While I'd like to believe the romantic backstory to the jolly roger that comfy girl suggested, I cannot find any source to support the idea that it is true. :S

Moreover, pirates through the ages have regularly taken slaves in raids and actively participated in slave trades- so their relationship to this gruesome industry is much more complex than what comfy girl described.




There have been numerous examples of large historical errors posted in this thread. They usually contort history to make it appear more sympathetic to contemporary political causes. E.g. regarding pirates as a group that dreamed of equality.
Ironically, Frank has actually been responsible for some of these, but I am glad he noticed this latest one.
I’ve been kinda skimming though to the bottom of the thread tbh.
 

KimberVaile

Self congratulatory title goes here

Fun little article, I'd have never thought pizza had such curious origins!
 

Fallowfox

Are we moomin, or are we dancer?
Usman dan Fodio founded the Sokoto Caliphate in west Africa in the 1800's, in part because of his religious belief that there should be a prohibition on some types of slavery.

But by the end of his life the giant Caliphate was probably one of the largest holders of slaves on the entire continent.
 

The_biscuits_532

Eternally Confused Feline
Usman dan Fodio founded the Sokoto Caliphate in west Africa in the 1800's, in part because of his religious belief that there should be a prohibition on some types of slavery.

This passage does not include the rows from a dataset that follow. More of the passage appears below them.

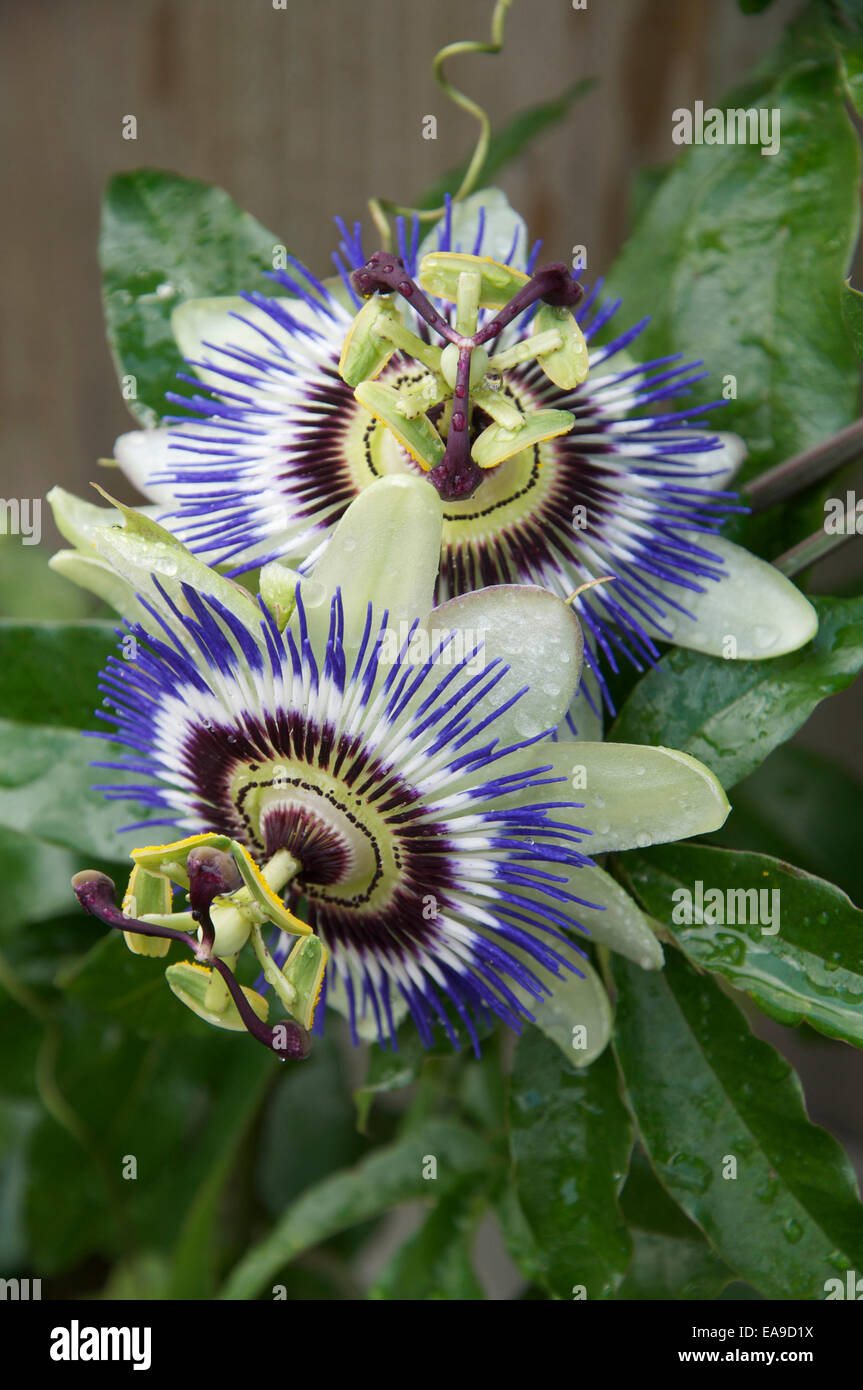 Close up of a Blue Passion Flower in bloom. Passiflora caerulea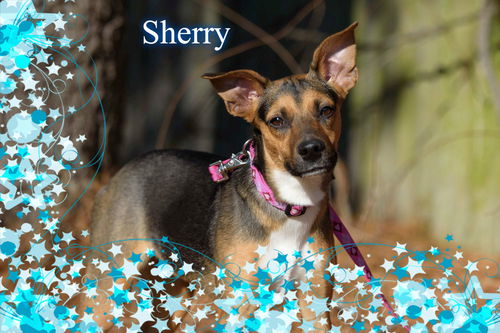 Sherry/ADOPTED!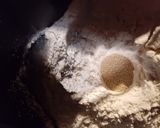 Foto del paso 3 de la receta: Pan Básico Wurden Mejorado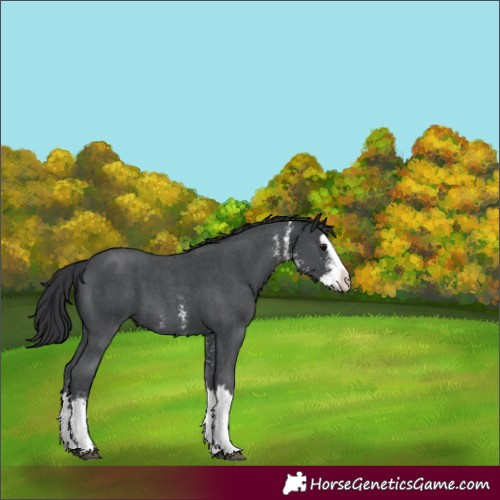 Horse Color:Black Sabino Splash 
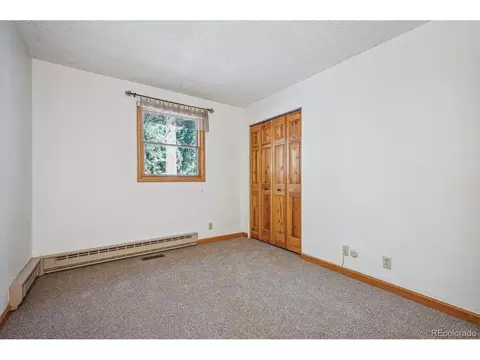 20025 Flint Ln, Morrison, CO 80465 photo 19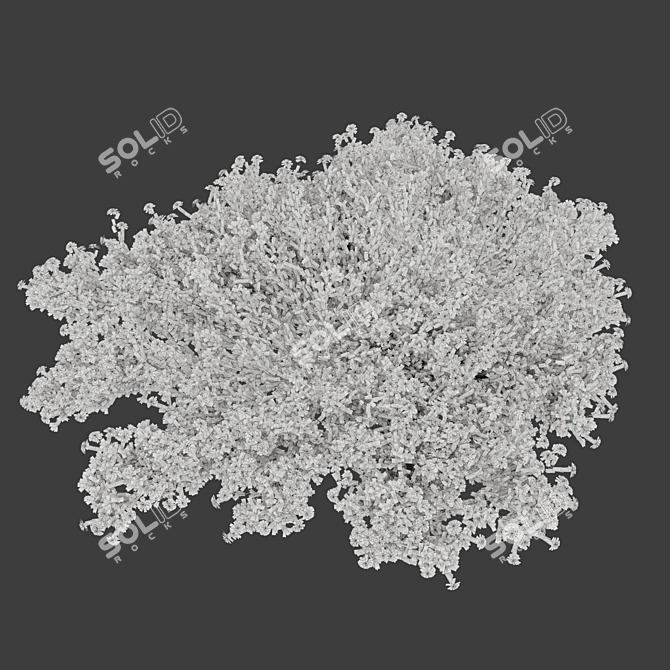 Cotton Lavender 3D Model 3D model image 4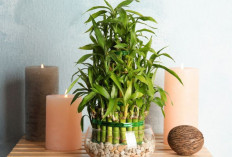 Banyak yang Salah, Ini 5 Penempatan Bambu Air Menurut Feng Shui Agar Rezeki, Karier dan Energi Rumah Lancar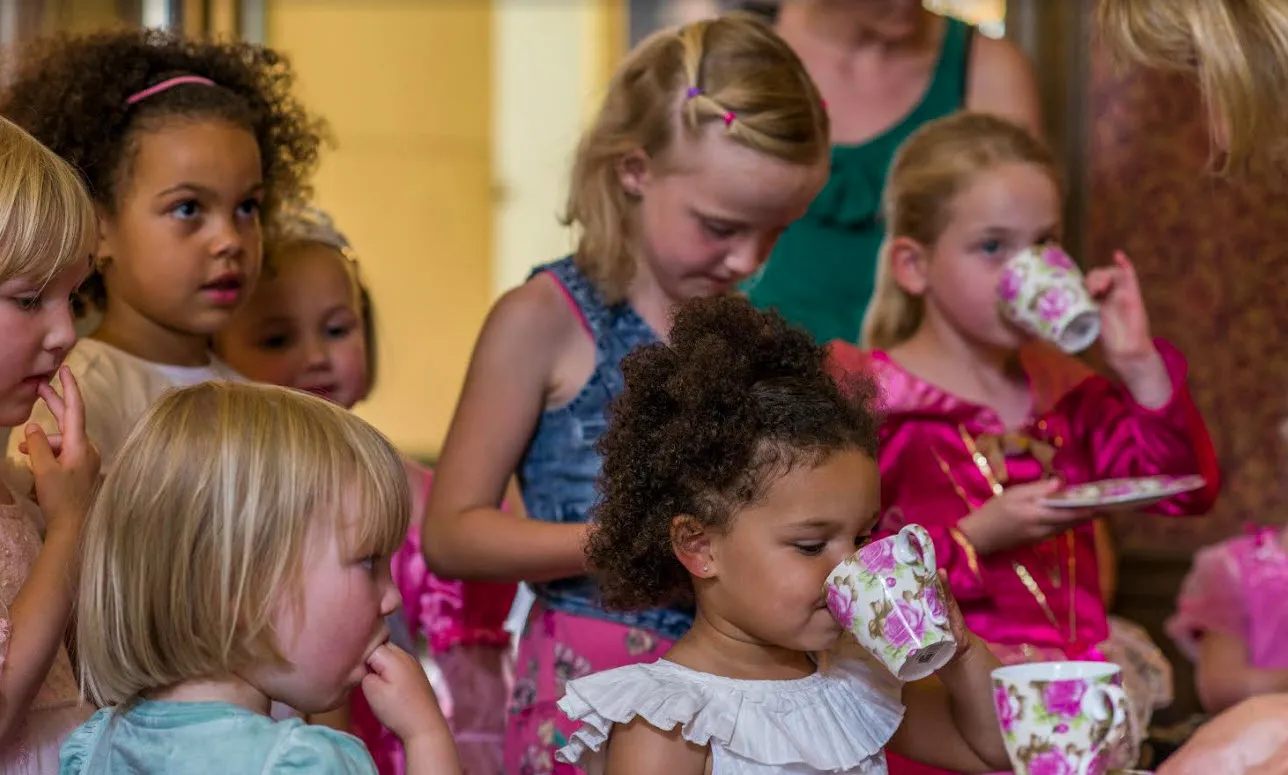 prinsessen kasteel hernen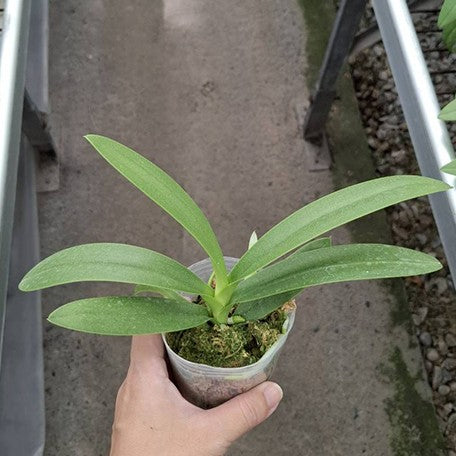 176111188086-Phal.%20pulcherrima%20var.%20coerulea%20splash%20%E6%A4%8D%E6%A0%AA2.5''1.jpg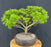 Dwarf Japanese Maple Bonsai Tree-(acer palmatum 'sharps pygme')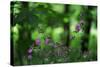 Red Campion (Silene Dioica) in Flower, Larochette, Mullerthal, Luxembourg, May 2009-Tønning-Stretched Canvas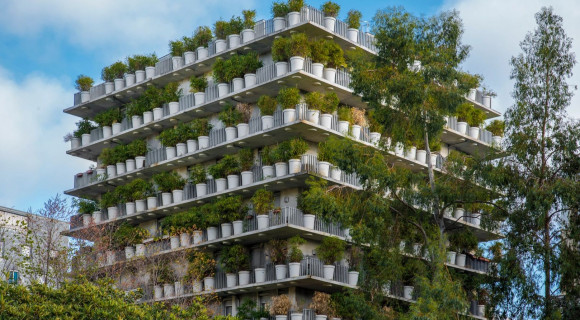 László Noémi: Kelj fel és járj [Képalá]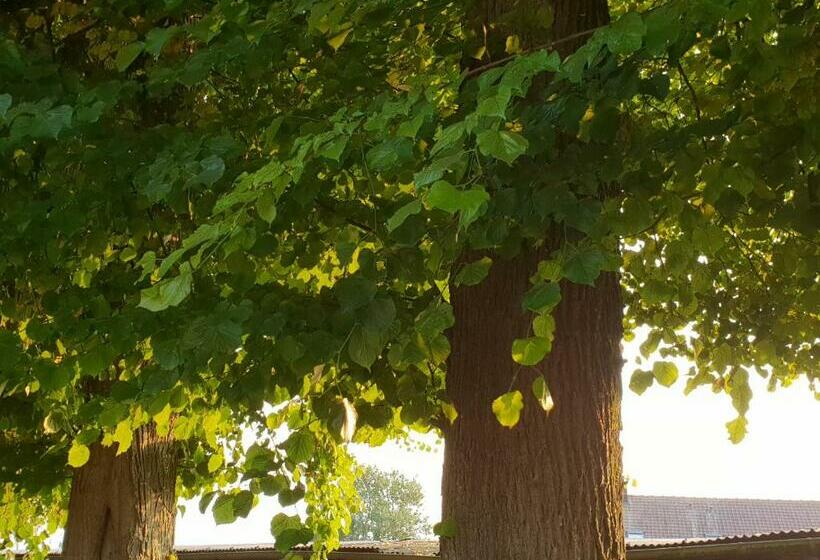 住宿加早餐  La Tilia
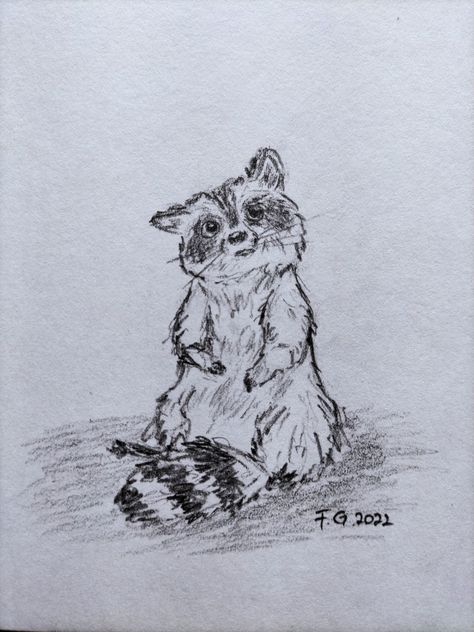 Original art : CritterPark Drawings On Homework, Raccoon Painting Easy, Realism Art Pencil Sketches, Cute Raccoon Drawing Simple, Raccoon Drawing Reference, Animal Drawings Colored Pencil, Black Bear Sketch, Animal Drawings Sketches Pencil, Cute Little Animals Drawings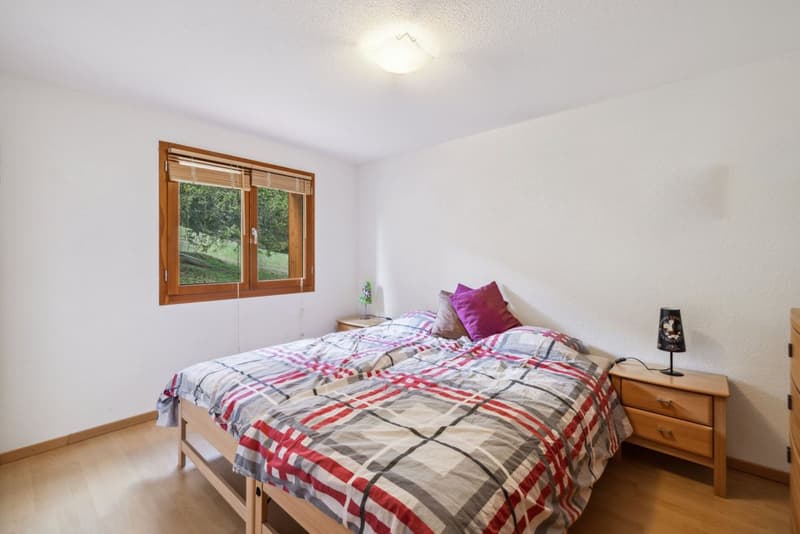 Appartement traversant de 5 pièces avec vue Alpes (4)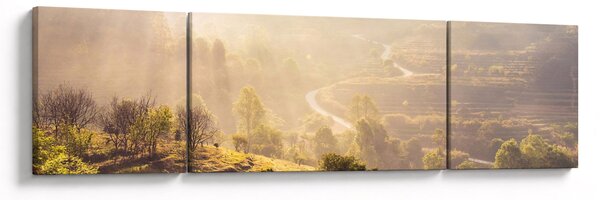 Obraz - Svítání (170x50 cm)
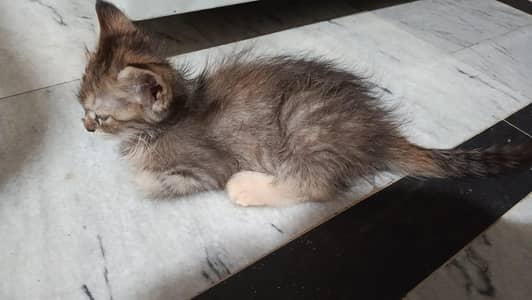 Persian kitten pair for sale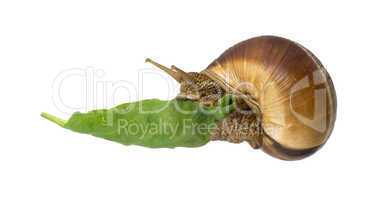snail and green leaf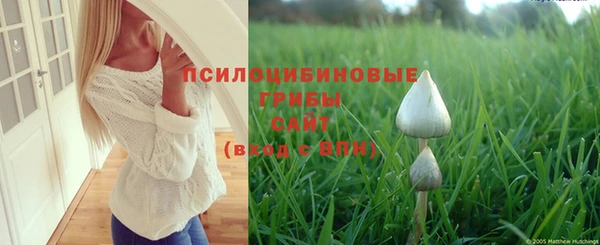 герыч Арсеньев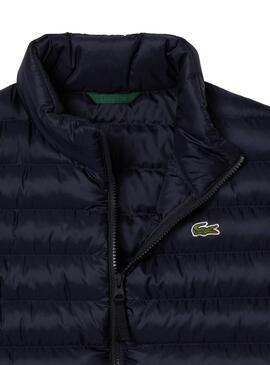 Weste Lacoste Stepp navy für Männer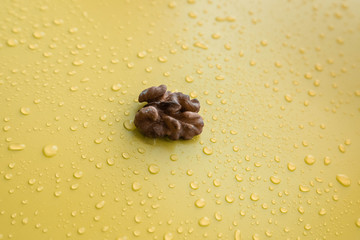 One walnut lies on a yellow background. Water drops on a yellow background.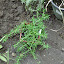 Prostrate Rosemary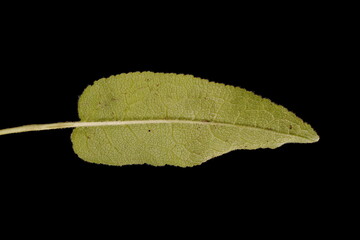 Clustered Bellflower (Campanula glomerata). Leaf Closeup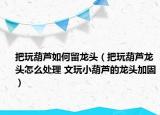 把玩葫蘆如何留龍頭（把玩葫蘆龍頭怎么處理 文玩小葫蘆的龍頭加固）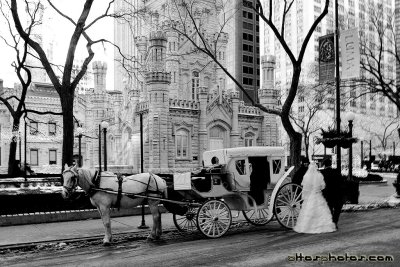 Wedding carriage in front of the Water Tower, Chicago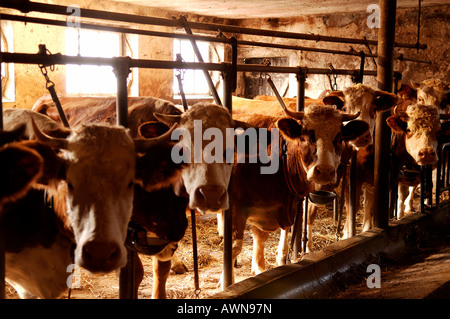 Angebundene Kühe warten darauf, in einer Scheune auf einem kleinen Bauernhof in Eckental, Middle Franconia, Bayern, Deutschland, Europa gefüttert werden Stockfoto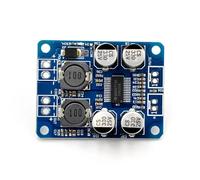 Efficient 60W Digital Power Amplifier Board With Low Distortions For Home And Personality Music Application Mono Amplifier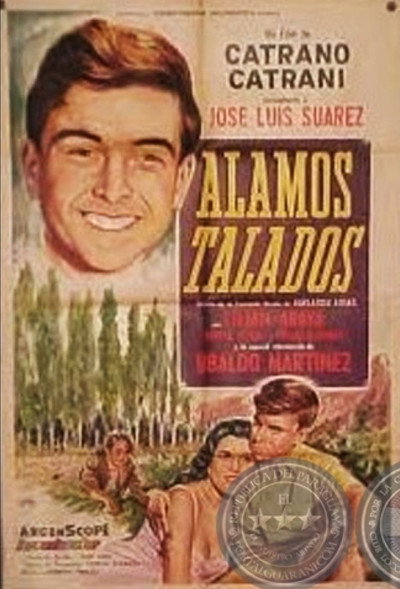 Póster de Álamos talados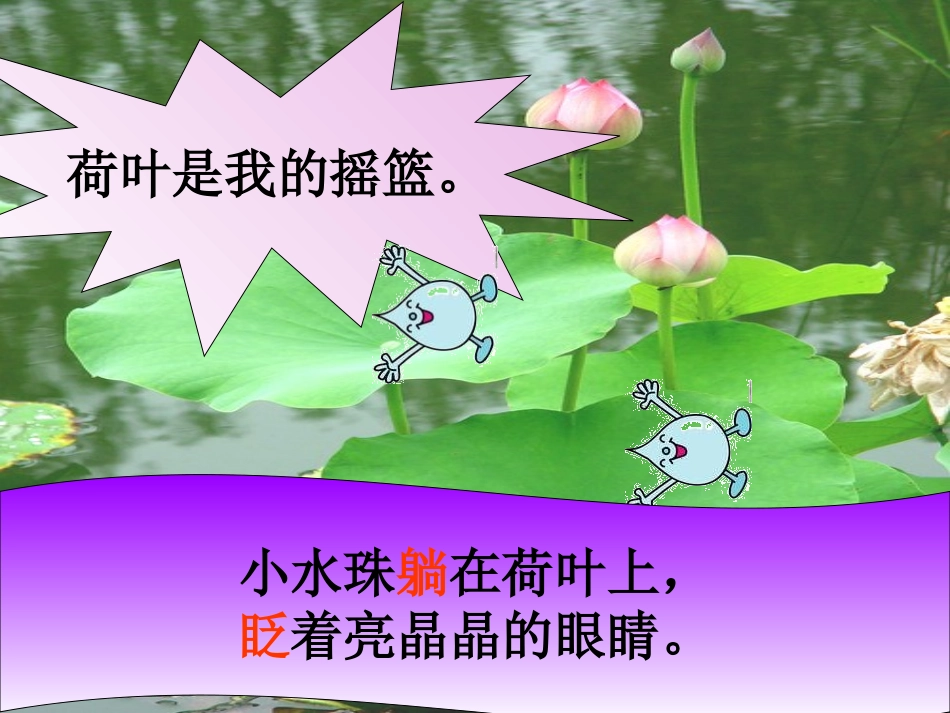荷叶圆圆课件3_第3页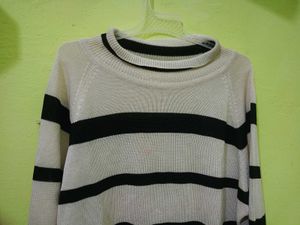 Striped Knit Turtleneck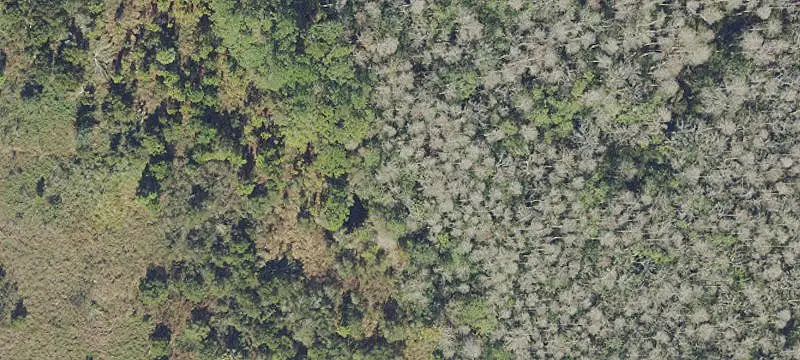 Kissimmee, FL 34758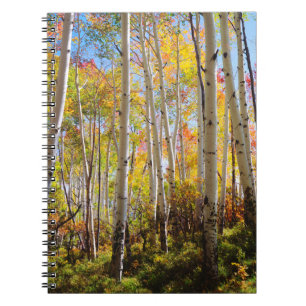 Herfstkleuren van Espenbomen 5 Notitieboek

But by the end of his life the giant Caliphate was probably one of the largest holders of slaves on the entire continent.
I like how I only know about Sokoto because of how it's one of the worst nations in Europa Universalis 4
In that it's incredibly hard to form, as it's basically based on RNG due to Usman's appearance event.
And then that only happens like, a few years before the game ends anyway
 

Fallowfox

Are we moomin, or are we dancer?
I like how I only know about Sokoto because of how it's one of the worst nations in Europa Universalis 4
In that it's incredibly hard to form, as it's basically based on RNG due to Usman's appearance event.
And then that only happens like, a few years before the game ends anyway
I thought I would be able to mention a massive country that nobody had ever heard of but you know too much! ;D
 

Fallowfox

Are we moomin, or are we dancer?
Ulugh Beg was a Sultan in the fifteenth century in what is now Uzbekistan.
He is famous for making significant contributions to astronomy, and his calculation for the length of Earth's year is only 1 minute different from contemporary methods.

He built an observatory- which means astronomical observatories existed in central Asia at least 100 years before Europe.

Central Asian civilisation and mathematics was incredibly advanced for the time, because Arab armies acquired the secret of paper making from China in the 8th century.
By contrast, Europeans had to rely on stretched animal skins for making parchment, which meant producing and distributing literature was only possible for people who were incredibly wealthy.

Paper was eventually introduced to Europe through what was then Muslim Spain.

So that's a story which involves 3 different civilisations and all of the continents in the Old World.